BAC: Block Arithmetic Coding¶

I developed BAC (Block Arithmetic Coding) back in the 1980's and 1990's. For several reasons, I've become interested in this problem again.

This notebook discusses BAC and presents code to calculate its coding efficiency. BAC was presented in Ref [1] below.

Note: see companion notebook for encoder and decoder code.

-- Charles Boncelet, boncelet@udel.edu, 3/29/17

#python 3.6
import numpy as np
import matplotlib.pylab as plt
%matplotlib inline

#utility function
def entropy(p):
    """binary entropy function with parameter p"""
    return -p*np.log2(p)-(1-p)*np.log2(1-p)

BAC (Block Arithmetic Coding) Basics¶

BAC (Block Arithmetic Coding) is a variable to fixed (VtoF) encoding.

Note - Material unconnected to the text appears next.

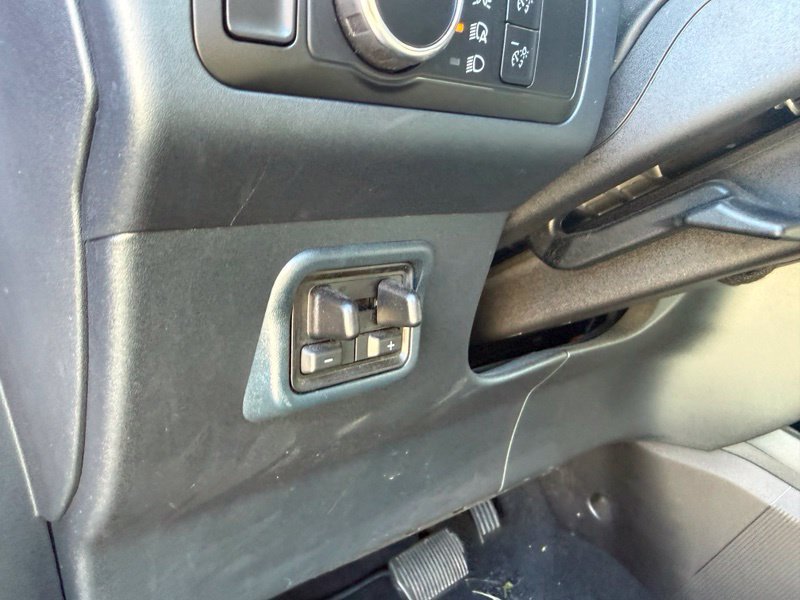 Used 2023 Red Ford XLT image 12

Here we describe the coder for IID binary inputs, but BAC works perfectly well for non-binary, non-stationary, and/or Markov inputs.

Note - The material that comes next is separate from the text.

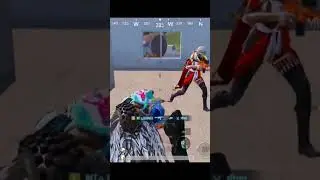 QUICK 1V2⚡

For each input bit $x$, BAC recursively divides the set of available output codewords into two non-empty groups, one for $x=1$ and one for $x=0$. The size (number of codewords) in each group is proportional to the probability of that group, i.e., $k$ codewords are divided into $k_0$ and $k_1$ with $k_0+k_1=k$ and $k_1 \approx pk$ and $k_0 \approx (1-p)k$. The recursion continues until the group contains only one codeword. That codeword represents that input phrase.

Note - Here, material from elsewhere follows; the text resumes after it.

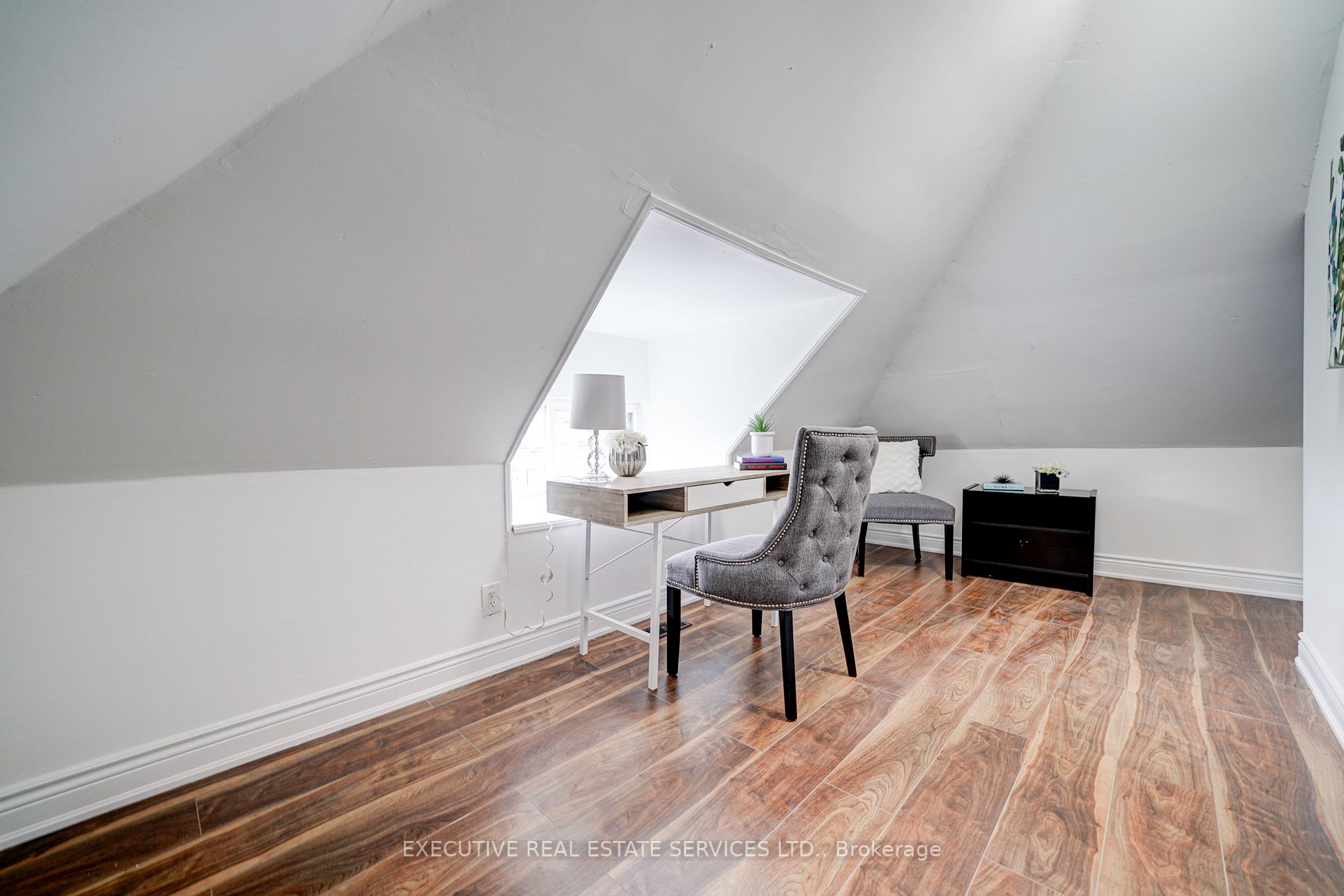 Listing X6023912 - Large Photo # 27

The expected length of a BAC input phrase is

$$ E(L(k)) = 1 + p E(L([pk]) + (1-p)E(L(k-[pk]))$$

where $k_1=[pk]$ is a rounding of $pk$ with the restrictions that $1\le k_1 \le k-1$. This also guarantees $1 \le k_0 = k-[pk] \le k-1$.

BAC Example¶

Let $p=\Pr(x=1)=0.3$ and let $k=16$ (i.e., 4 bit codewords). Index the output codewords from 0000 to 1111, or, more simply, from 0 to 15.

Generate some random bits with probability $p$:

#uncomment to generate bits
#p = 0.3
#bits = 1*(np.random.rand(10)<p)
#bits

The sequence I got was [1, 0, 0, 0, 0, 0, 0, 0, 0, 0]. Index the output codewords from 0 to 15.

The first bit is a 1. Let $k_1 = [0.3\times 16] = [4.8] = 5$. Thus, $x=1$ corresponds to the last five codewords, $\{11, 12, 13, 14, 15\}$.
The second bit is a 0. Let $k_0 = [0.7\times 5] = [3.5] = 3$. (Both $k_0=3$ and $k_0=4$ are the same distance from $k_0=3.5$; we arbitrarily choose $k_0=3$.) Thus, the set of codewords is now $\{11, 12, 13\}$.
The third bit is a 0. Let $k_0 = [0.7\times 3] = 2$. The set of codewords is $\{11, 12\}$.
The fourth bit is a 0. Since the set only has two codewords, the division is trivial: codeword 11 is chosen (if the bit were a 1, codeword 12 would be chosen).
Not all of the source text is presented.